The Government was a pioneer in seeking to establish merit as a basis of employment. But private industry has learned the lesson, and while the Government has lagged behind, private employers have gone on to systematize their forces, to adopt scientific methods of recruiting, testing and stimulating efficiency, promoting contentment and eliminating waste. The United States is trying to do the work of a twentieth century Government, with its far flung activities in every field of science and industry, by methods inherited from the eighteenth century, by confused, overlapping organizations, by employees whose pay bears little or no relation to the character of their service and whose conditions of labor and chance of advancement for efficiency rather than by favor are such as to discourage energy and loyalty.

As a result, over 75 per cent. of the Federal employees are enrolled in organizations affiliated with industrial trade unions. The failure of the Government to provide any legitimate channel for the presentation of their grievances and the correction of the injustices that are bound to occur in the operation of a great force has naturally driven them to seek in the American Federation of Labor an opportunity for making their demands influential. This affiliation has been frowned upon by many high officials, including President Roosevelt, but since his administration little resistance has been offered to it except by PostmasterGeneral Burleson. "The National Federation of Federal Employees," declared its official organ, The Federal Employe, some months ago, "is a union which does not strike, but it is not powerless, it goes into districts in which it has enemies and works hard to keep them out of Congress." This combination of Government employees and trade unionists to pull each other's chestnuts out of the fire has ominous possibilities. French experience throws light on them. If the danger here seems fanciful in view of federation bylaws forbidding strikes in Government service, consider this hint from the same organ:

Let us bring the main problem down to practical terms and consider what would happen to a union employe who found his duty to this Government and his duty to his union in conflict. It is to be presumed that he would do precisely what he does when he finds his duty to his Church, to his lodge or to his family to be in conflict with his duty to his Government; that is, he would decide which is the more important to him.
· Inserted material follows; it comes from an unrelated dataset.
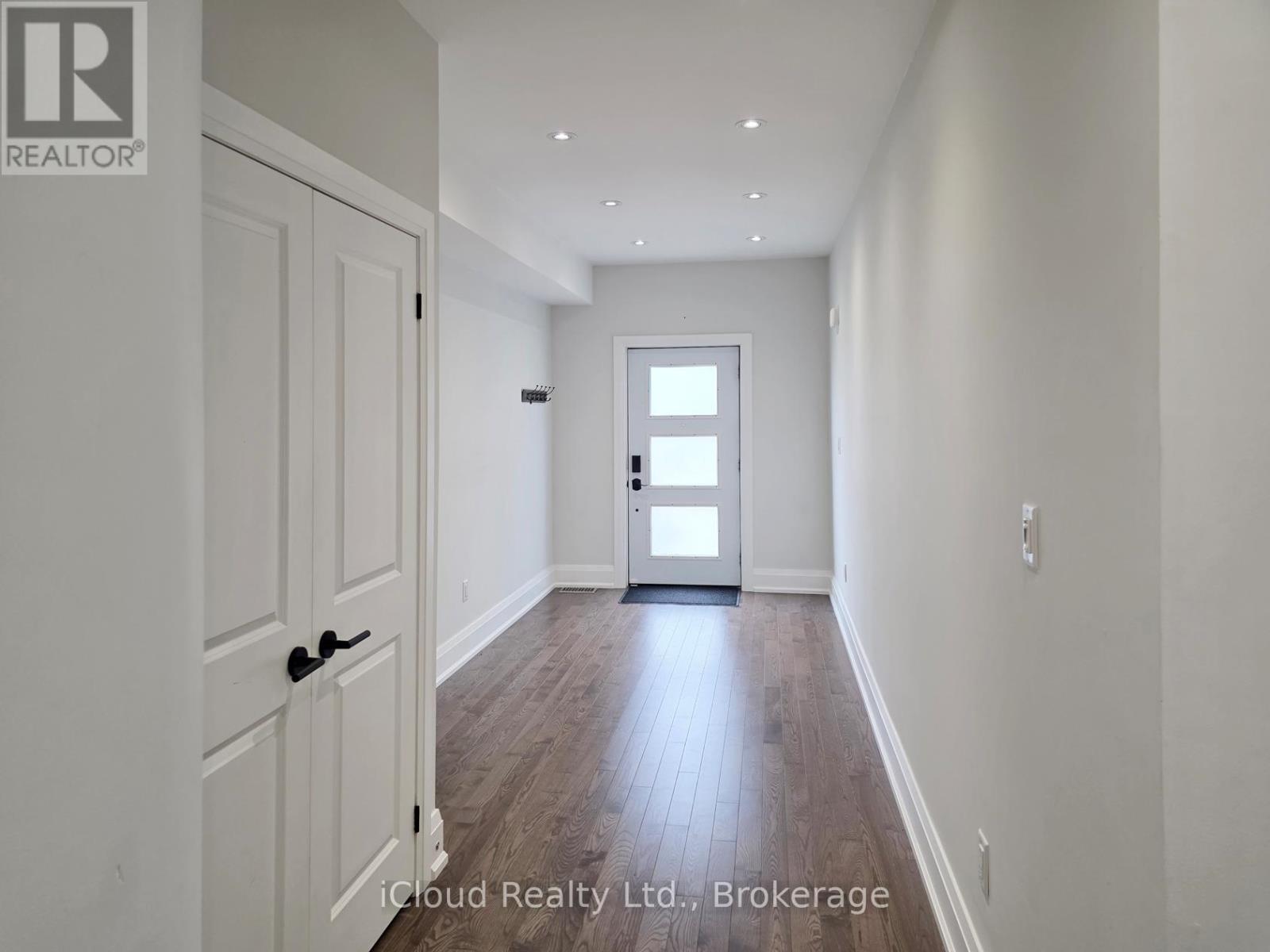 99a Leyton Avenue, Toronto (Oakridge), Ontario  M1L 3T9 - Photo 11 - E12366823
We do not need to question the usefulness of the labor union in its field, nor of the association of public employees in its field. But, even though strikes are barred by the latter, such bylaws can be repealed, or may be ignored at a crisis. The existence in Government service of a body of men closely bound to an outside organization, whose interests at any moment may conflict with those of another part of the community resulting in struggle and perhaps even clashes with public authority, invites burrowing within the Government itself for the defeat of its measures, which may be just as disastrous as a walkout from official service. And on the other hand, to put at the beck of Federal employees a great external body able and ready to back up their demands,

reasonable and unreasonable, not only by political pressure but by its accustomed weapons of industrial warfare, is to put the Government itself into a class rivalry with an organized section of its own citizens. Such an association goes far toward turning Government workers into a Prætorian Guard.

In face of this situation the Congressional Joint Commission submitted a bill that failed to provide the much needed comprehensive employment system, but contained what was thought the temper of Congress would stand. Nearly three years have passed with nothing accomplished. Congress is apathetic, departmental jealousies are influential, and the employees' organization, while insistent on redress of grievances, is cold toward thoroughgoing systematization, or anything that promises weeding out of inefficiency. It sees none. And as an organization it flourishes and gains members so long as it agitates for advance to the Promised Land, without entering it.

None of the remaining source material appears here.